### Problem to solve
Using the records below, output the stretch that opens with the line containing "S5132UWHCM14N - Dior" and closes with the line containing "Roller Jacquard Blind", exactly and including both lines, with nothing more.
---------- Data records
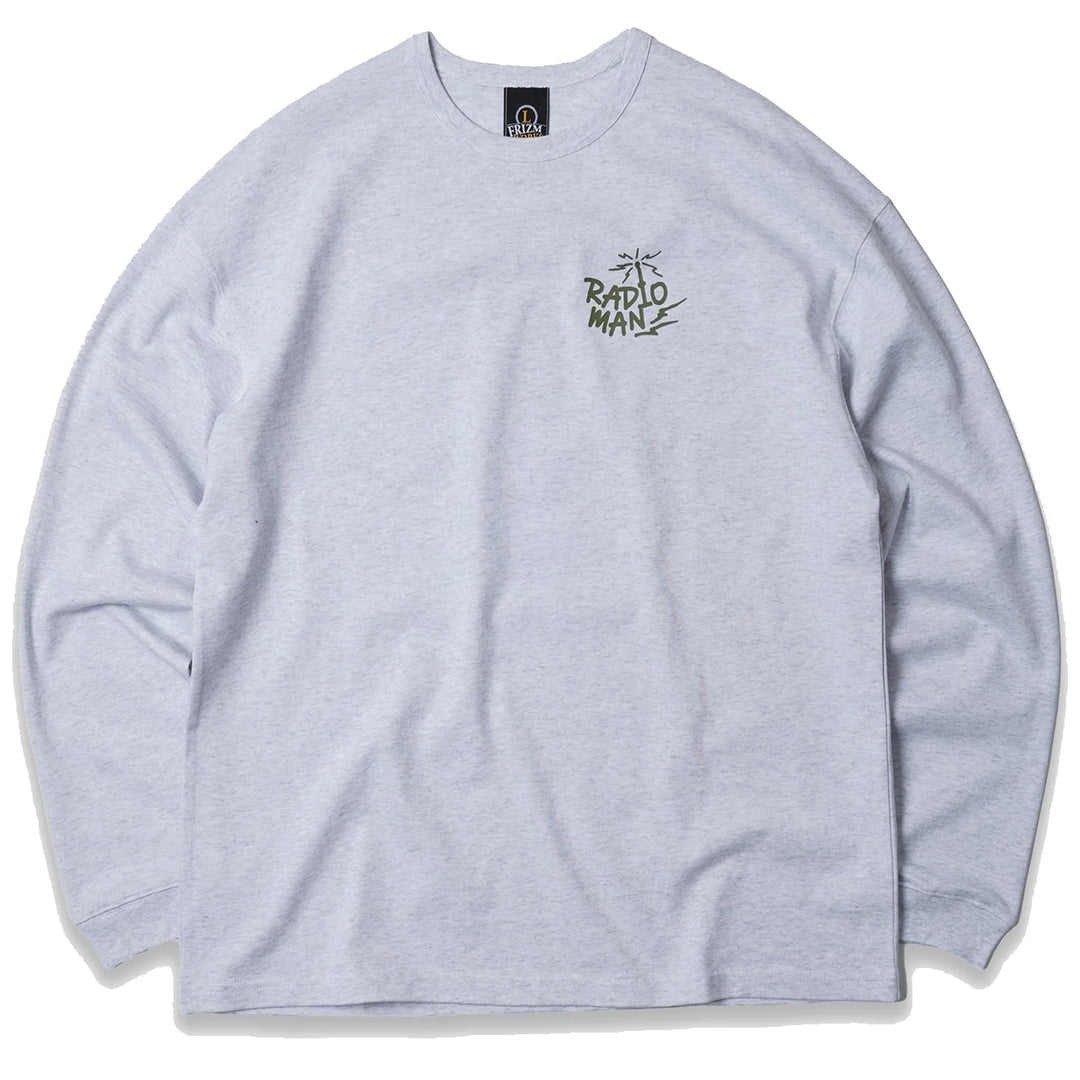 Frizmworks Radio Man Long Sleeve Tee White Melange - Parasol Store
--------------------
---------- Data records
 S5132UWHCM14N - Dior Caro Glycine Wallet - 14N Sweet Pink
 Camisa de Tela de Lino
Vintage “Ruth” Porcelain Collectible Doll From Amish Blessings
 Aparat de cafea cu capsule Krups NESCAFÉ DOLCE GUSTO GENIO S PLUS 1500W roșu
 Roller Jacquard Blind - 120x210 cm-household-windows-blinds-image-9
--------------------
---------- Data records
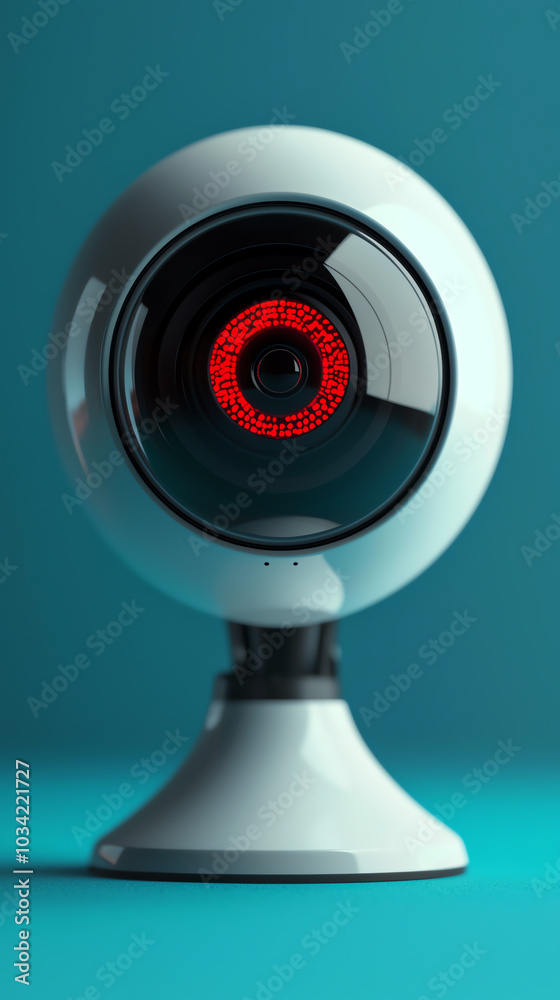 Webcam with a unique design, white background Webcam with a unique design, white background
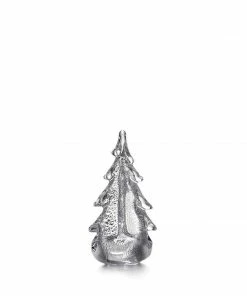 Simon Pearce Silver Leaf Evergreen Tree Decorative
--------------------
### Output
 S5132UWHCM14N - Dior Caro Glycine Wallet - 14N Sweet Pink
 Camisa de Tela de Lino
Vintage “Ruth” Porcelain Collectible Doll From Amish Blessings
 Aparat de cafea cu capsule Krups NESCAFÉ DOLCE GUSTO GENIO S PLUS 1500W roșu
 Roller Jacquard Blind - 120x210 cm-household-windows-blinds-image-9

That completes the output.